#### THE DATA

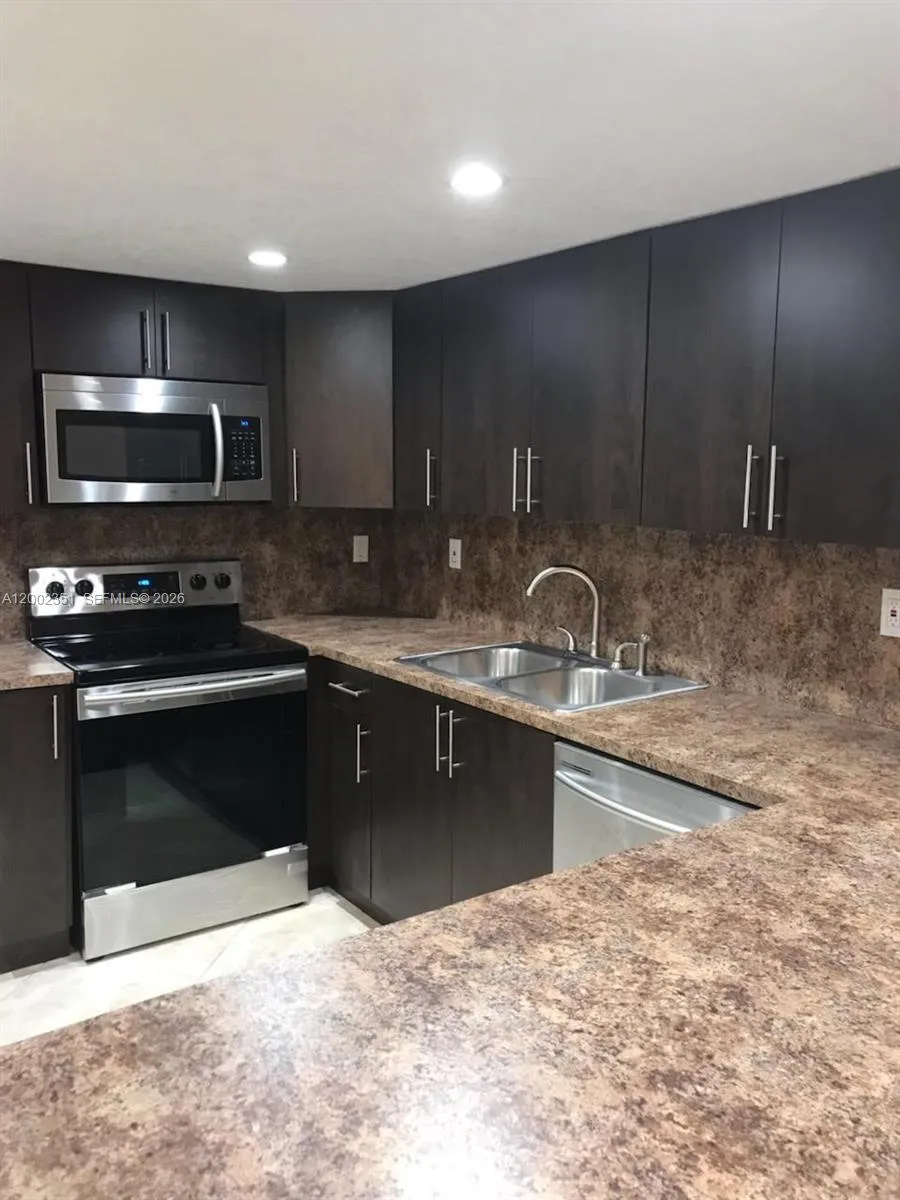 3796 SW 88th Ct # 3798, Miami FL 33165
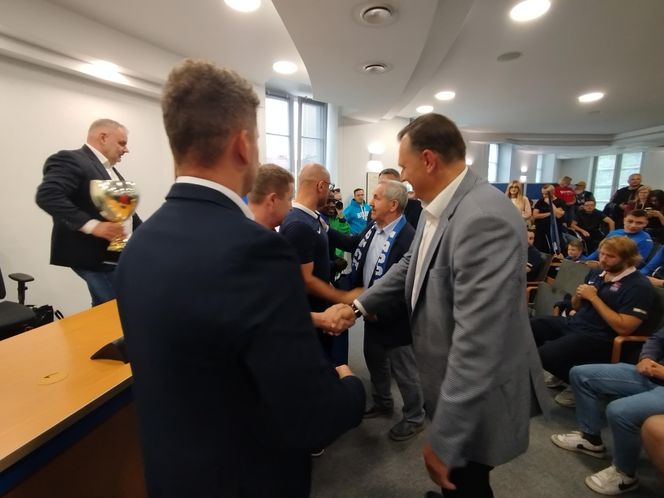 Społeczność sportowców i kibiców rugby z Siedlec uczciła największy z dotychczasowych sukcesów w historii klubu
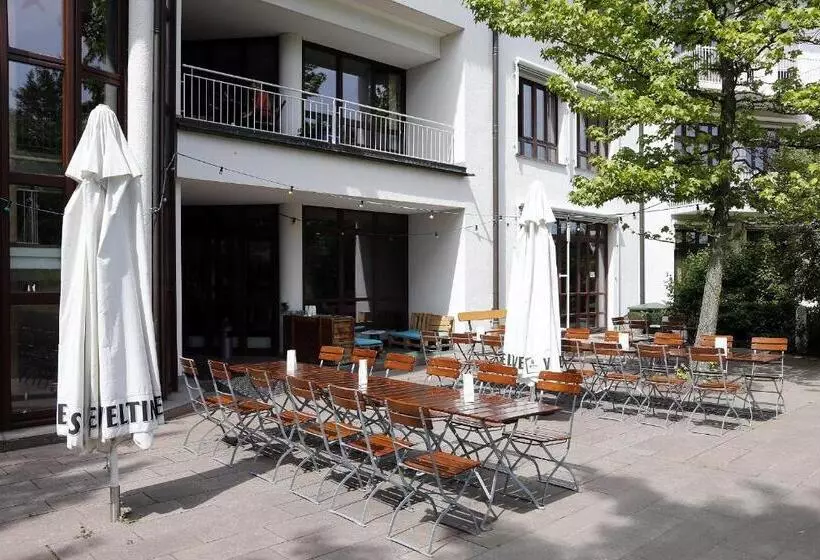 Hotelli Tagungs  Und Bildungszentrum Steinbach/taunus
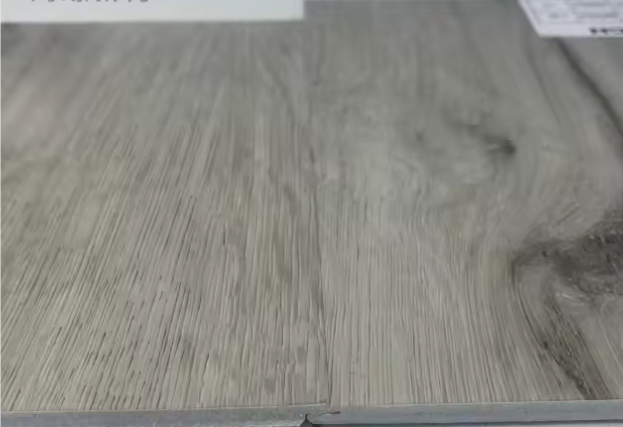 High-Density Waterproof Spc Flooring with Textured Surface for Durability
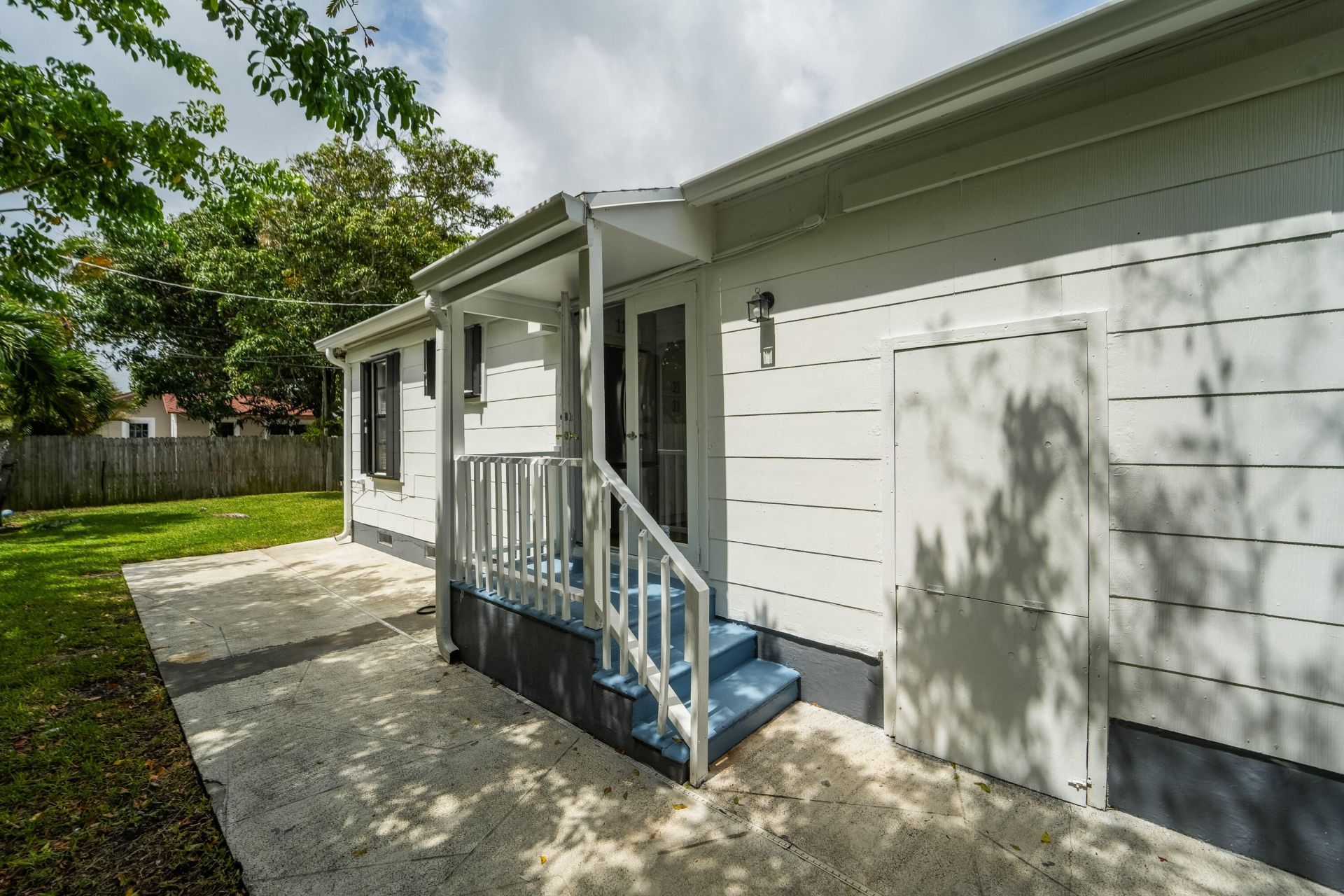 5000 Lake Avenue, West Palm Beach, FL 33405 Photo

########

Leave the images out as you retype each line of the material exactly.

 3796 SW 88th Ct # 3798, Miami FL 33165
 Społeczność sportowców i kibiców rugby z Siedlec uczciła największy z dotychczasowych sukcesów w historii klubu
 Hotelli Tagungs  Und Bildungszentrum Steinbach/taunus
 High-Density Waterproof Spc Flooring with Textured Surface for Durability
 5000 Lake Avenue, West Palm Beach, FL 33405 Photo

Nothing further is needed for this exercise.